_What you need to do_
Starting at the first line of the entries, extract each line up to and including the one that contains "May include: Black", but leave out the pictures.

Collected data entries
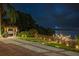 Lakeside dock, lights, and cooking area with waterfront view and night lights at 8125 Via Rosa, Orlando, FL 32836
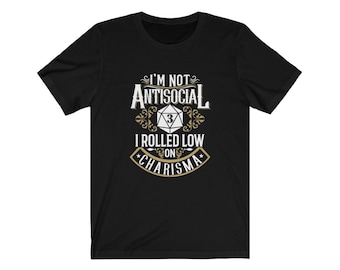 May include: Black t-shirt with a gold graphic that says "I'm not antisocial I rolled low on charisma" with a dice graphic showing a 3.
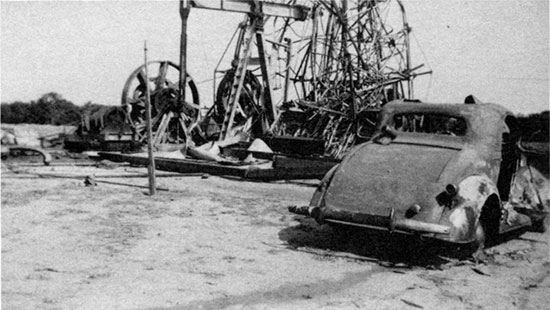Black and white photo of the Marathon (Ohio) Oil Company's J. G. Harbaugh No. 1, June 18, 1936, the morning after the Wednesday night fire.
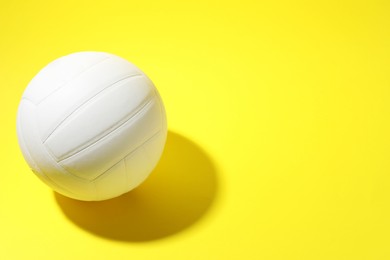 Photo of White volleyball ball on yellow background, above view. Space for text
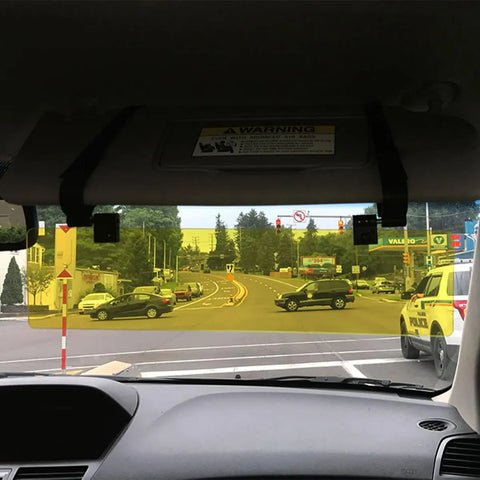 Seen from inside a car, a Glare Guard Yellow Polarized Car Visor Extender is attached to the sun visor, reducing glare. The clear street ahead features traffic lights and a police car parked on the right side of the road.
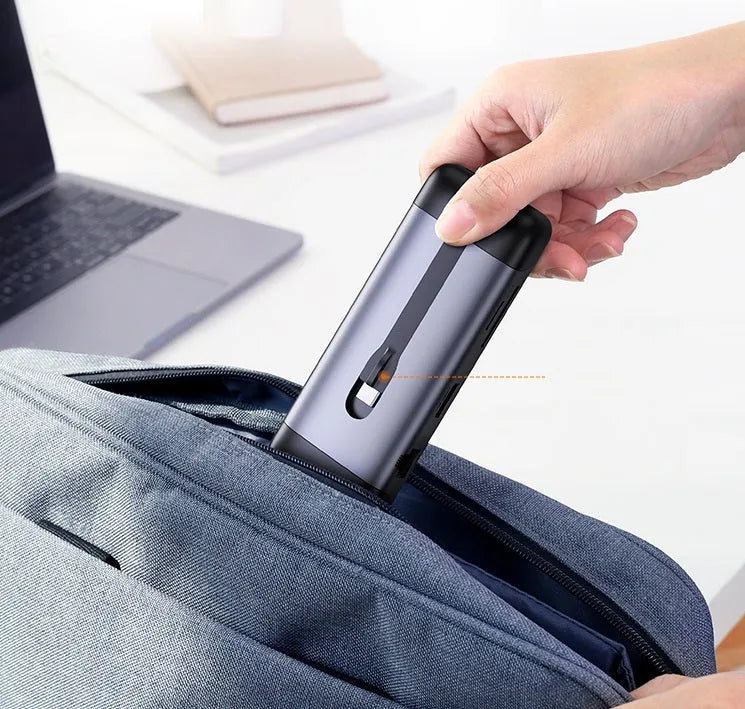 USB-C dock expansion adapter showing HDMI, USB 3.0, and Power Delivery ports with included cables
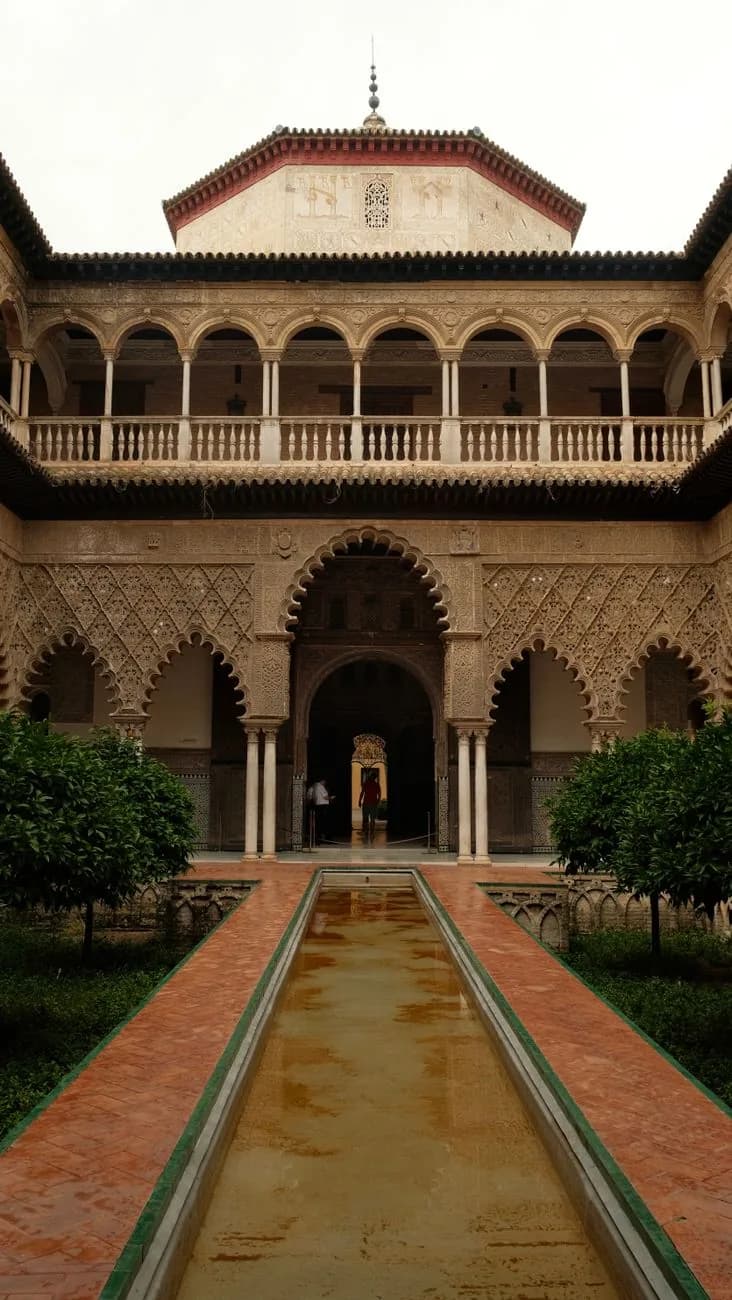 Le patio des Demoiselles de l'Alcázar de Séville, son bassin central, ses arcades mudéjares et sa galerie Renaissance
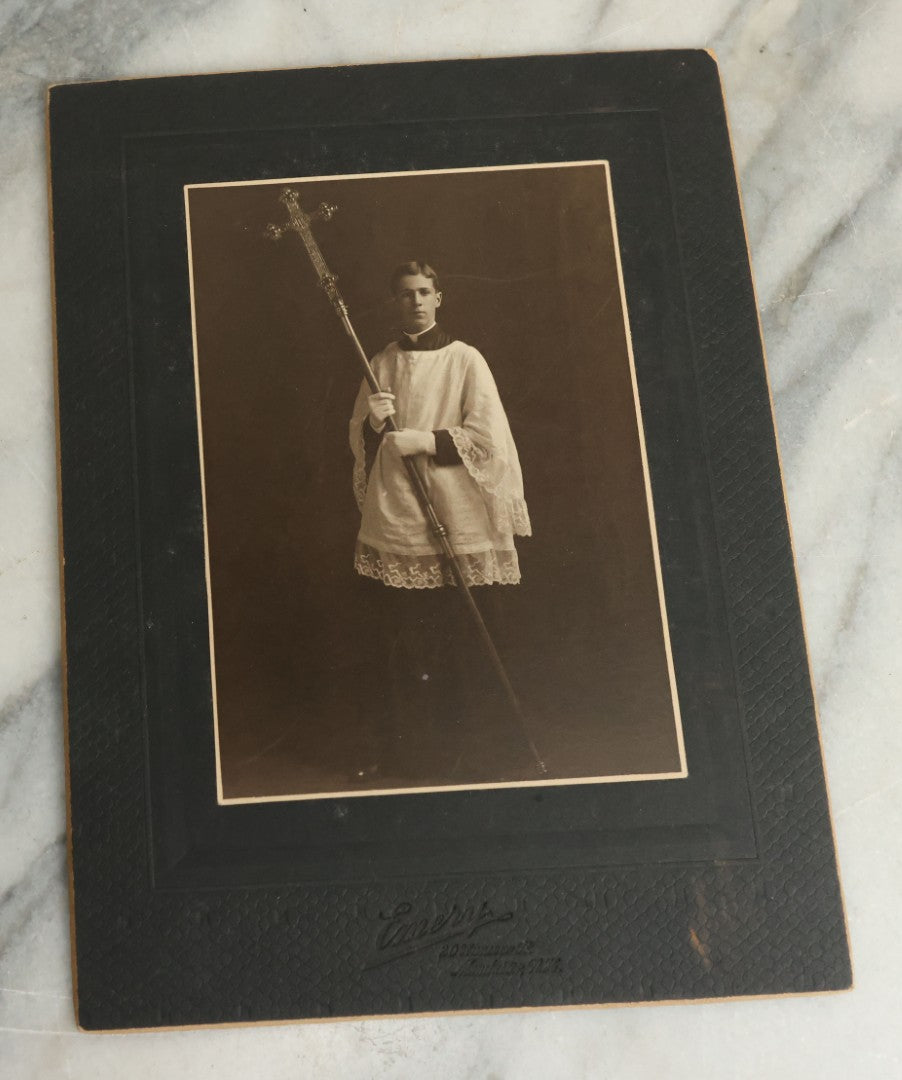 Lot 080 - Pair Of Antique Boarded Photographs Of Young Altar Boys In Their Vestments Holding The Cross On A Staff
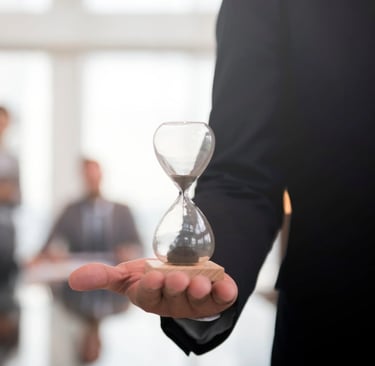 a man in a suit and tie is holding a hourglass hourglass hourglass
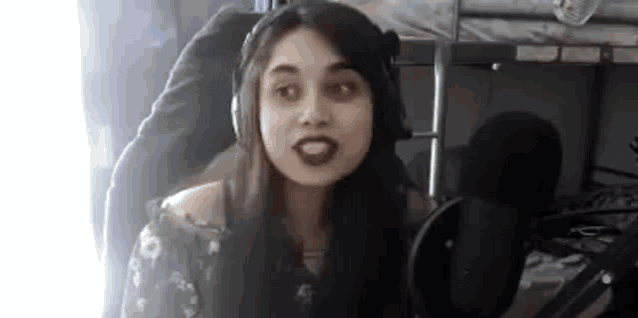 a woman wearing headphones is talking into a microphone .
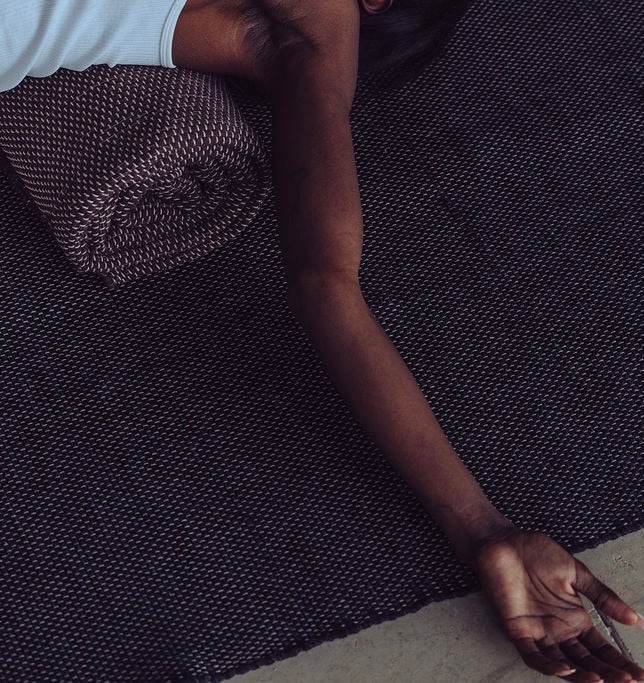 image of woman laying on rolled Rituil™ yoga recycled cotton rug in ash or black color #color_ash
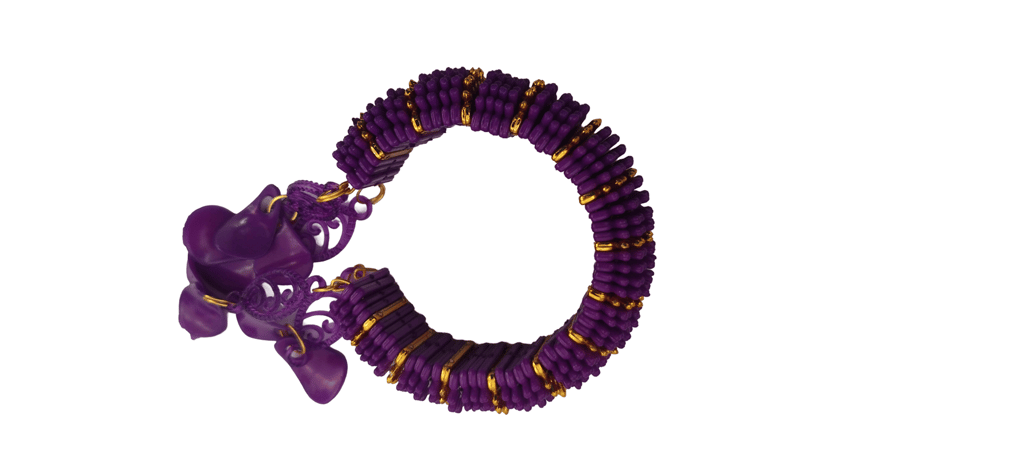 Gold and purple beaded bracelet with unique design
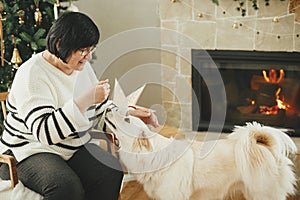 Happy senior woman playing with adorable white dog in stylish festive christmas living room. Beautiful woman enjoying cozy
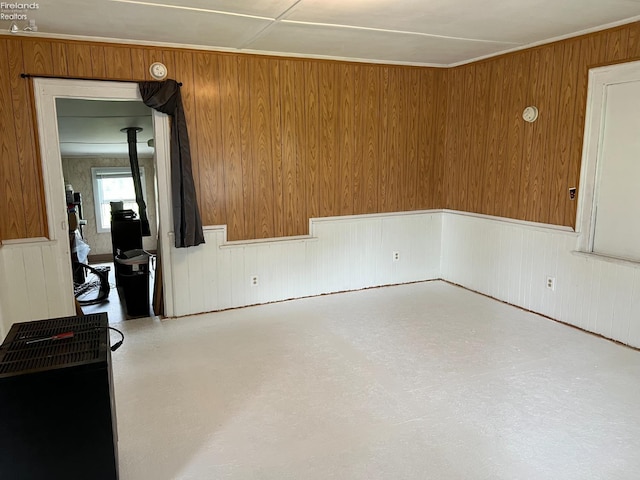 90 Newton St, Norwalk, OH 44857 - spare room featuring wood walls, a wainscoted wall, and a wood stove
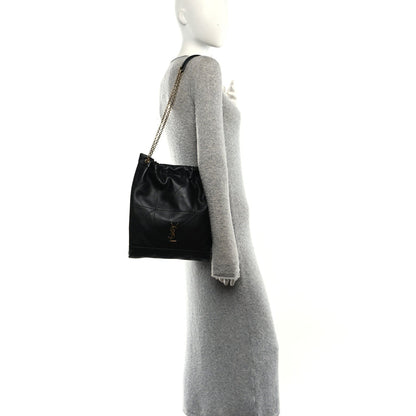 Black quilted leather shoulder bag on chain strap, side profile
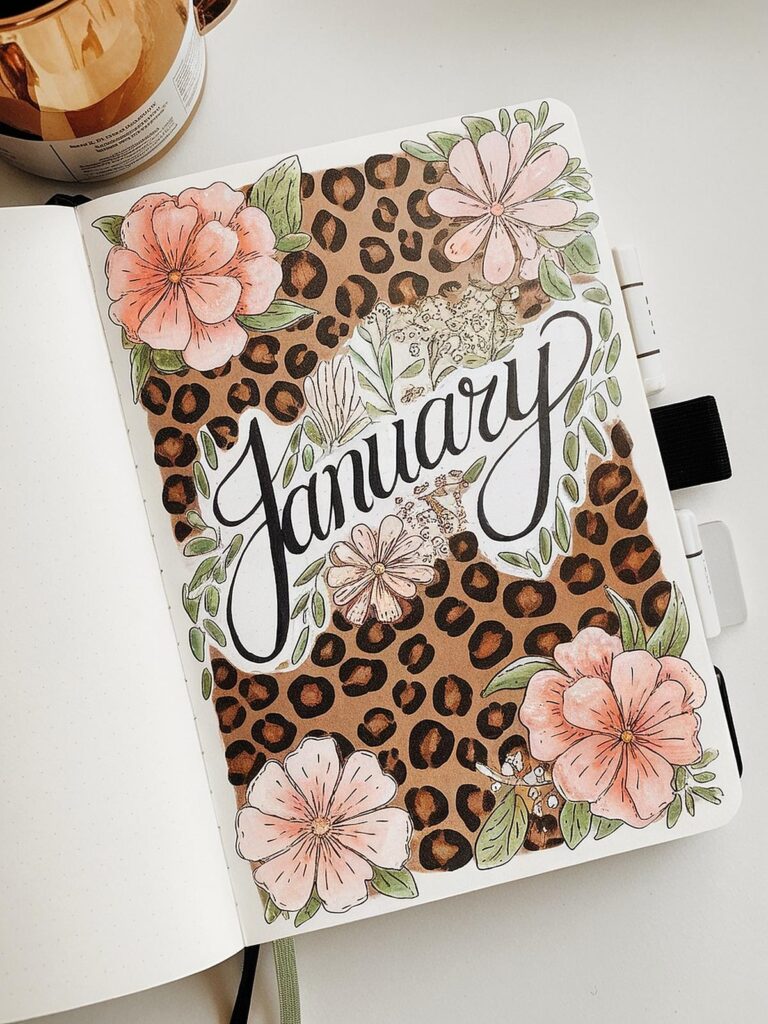 Decorative January bullet journal with leopard print and floral designs.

_Expected answer_
 Lakeside dock, lights, and cooking area with waterfront view and night lights at 8125 Via Rosa, Orlando, FL 32836
 May include: Black t-shirt with a gold graphic that says "I'm not antisocial I rolled low on charisma" with a dice graphic showing a 3.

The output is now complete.